Monday, March 20, 2017

Where Once I Saw Beauty (oil on canvas, 2017)


There’s an empty, derelict house about four miles from where I live, that has been the subject of numerous drawings and paintings over the past ten years. I’ve drawn the house from every possible angle, at various times of the day, and during all the seasons of the year. One day, two summers ago, I was riding by it on my bicycle and I happened to notice three small satellite dishes mounted to the corner of the front porch roof. Interestingly, I’d never seen them before, they weren’t in any of my drawings and, yet, they had been there all along.
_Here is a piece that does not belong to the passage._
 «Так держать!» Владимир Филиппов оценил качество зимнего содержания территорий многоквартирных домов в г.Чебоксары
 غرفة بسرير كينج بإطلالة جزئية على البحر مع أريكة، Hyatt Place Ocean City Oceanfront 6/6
We’re inundated every day with a plethora of sensory information, so much so that we usually filter that information in order to make sense of it. We see what we want to see, hear what we want to hear, and more often than not, the things we perceive are the things that conform to our own personal (and highly subjective) version of reality. In so doing, we tend to develop a sort of tunnel vision, which keeps us stuck in our own individual perception of the world. One of the many reasons that art is so important is that the skilled and sensitive artist is able to take their own unique way of seeing the world, seen through their own filters of perception, and turn that into visual form so that others can see the world the way the artist does and (hopefully) gain some enlightenment from the experience. When making art, the things that we leave out of the work are just as important (oftentimes MORE important) than the things we put in.